6) Verification Pipeline

  1. Intake: File upload or URL provided.
  2. Hashing & Pre-checks.
  3. C2PA Verification (if present).
  4. Sensor-PKI Verification (if present).
  5. ML Detection Pipeline (if C2PA/PKI missing or inconclusive).
    • Extract noise features, encoder toolmarks, metadata.
    • Run ensemble classifiers.
  6. Decision Logic:
    • Authentic (Camera)
    • Authentic (C2PA)
    • Likely AI-generated
    • Unknown
  7. Return Results to frontend.
  8. Purge Artifacts after TTL expiry.

7) Data & Privacy

  • No raw content retention.
  • Ephemeral job storage in MongoDB.
  • Explicit “Delete Now” option for users.
  • Transparency page: clearly explains privacy guarantees.

8) API Contract

  • POST /verify — Upload file/URL. Returns { job_id }.
  • GET /verify/{job_id} — Returns status, authenticity label, cryptographic proofs, ML classifier results.
  • DELETE /verify/{job_id} — Force immediate deletion.
  • GET /health — Service health check.

9) Data Model (MongoDB)

  • jobs: { id, hash, status, label, reasons[], createdAt } (TTL).
  • proofs: { job_id, c2pa, sensor_pki, ml_results }.
  • metrics: anonymized aggregate counts (e.g., % AI, % authentic).

10) Deployment

  • Docker Compose for development.
  • Kubernetes-ready for production scaling.
  • Secrets managed via Vault/KMS.
  • TLS via Nginx reverse proxy.

11) KPIs

  • Precision/Recall on benchmark datasets.
  • Coverage: % with valid proofs (C2PA/PKI).
  • Detection performance: ML classifier F1-score > 90%.
  • Latency: <2s per image, <4s per short video.
  • User comprehension: clear differentiation between “Unknown” and “Likely AI”.

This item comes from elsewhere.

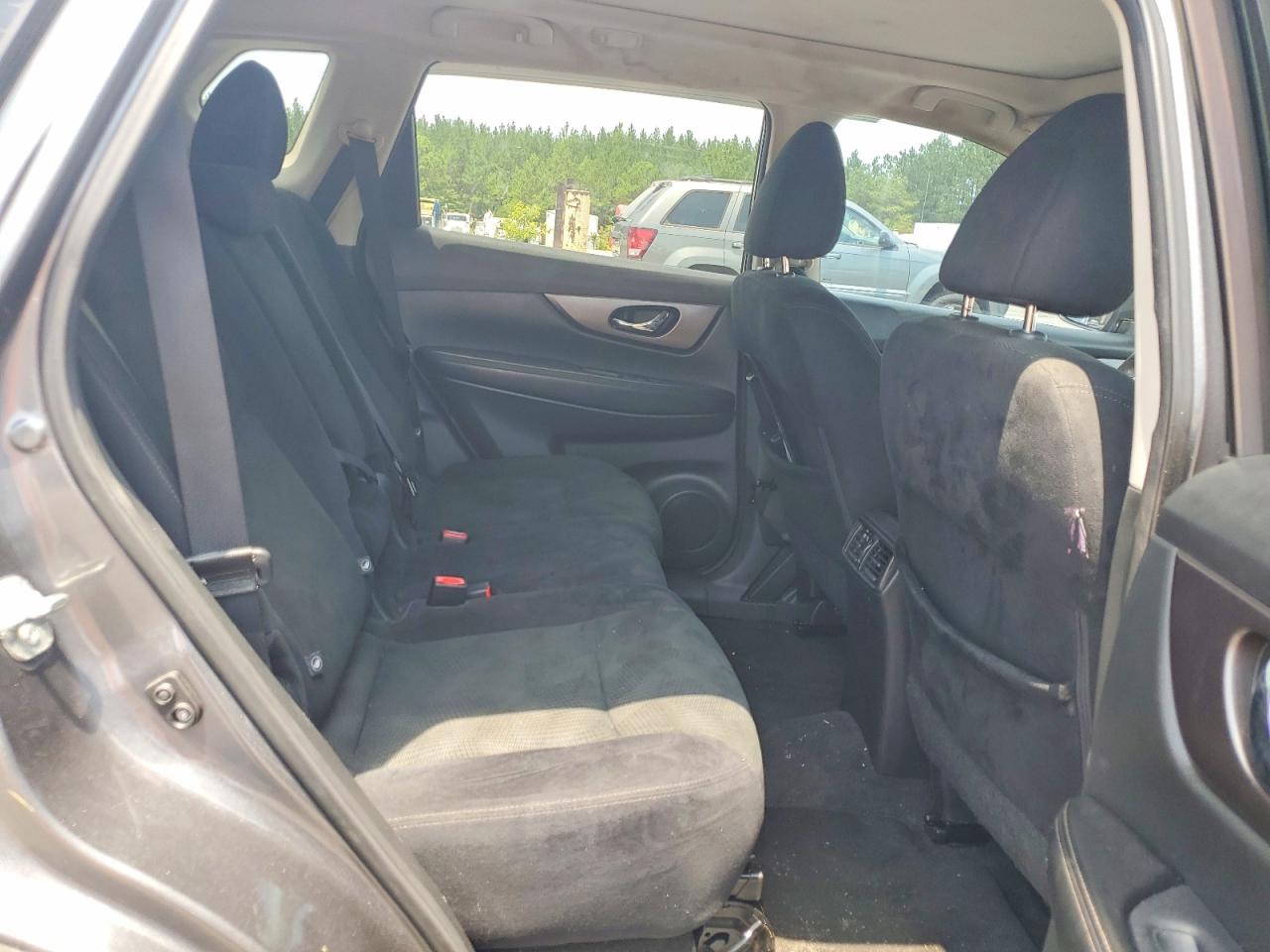 2015 NISSAN ROGUE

12) Implementation Timeline

  • Weeks 1–2: Requirements, trust anchor setup.
  • Weeks 3–6: C2PA verification implementation.
  • Weeks 5–8: Sensor-PKI signature verification.
  • Weeks 7–10: ML classifier integration (CNN + PRNU + metadata).
  • Weeks 9–12: Ensemble decision logic + testing.
  • Weeks 12–14: Security hardening, deployment, documentation.

13) Risks

  • Rapid evolution of AI image generators.
  • Partial adoption of C2PA by platforms.
  • Potential adversarial bypass of ML classifiers.
  • Governance of manufacturer trust anchors.

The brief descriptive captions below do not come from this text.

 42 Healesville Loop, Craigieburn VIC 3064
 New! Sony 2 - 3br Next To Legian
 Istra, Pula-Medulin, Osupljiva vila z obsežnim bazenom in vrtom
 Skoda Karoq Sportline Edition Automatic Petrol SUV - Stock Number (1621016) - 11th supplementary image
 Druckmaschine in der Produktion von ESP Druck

14) Documentation Deliverables

  • System Whitepaper (cryptography + ML).
  • Privacy & Security Policy.
  • API Reference.
  • ML Training Dataset Protocols.
  • Threat Model Analysis.

15) Why Hybrid Cryptography + ML Works

  • Positive proofs (C2PA, sensor-PKI) → strong cryptographic guarantees.
  • ML classifiers → resilience against provenance stripping and AI artifacts.
  • Ensemble decision → layered assurance, user-facing clarity.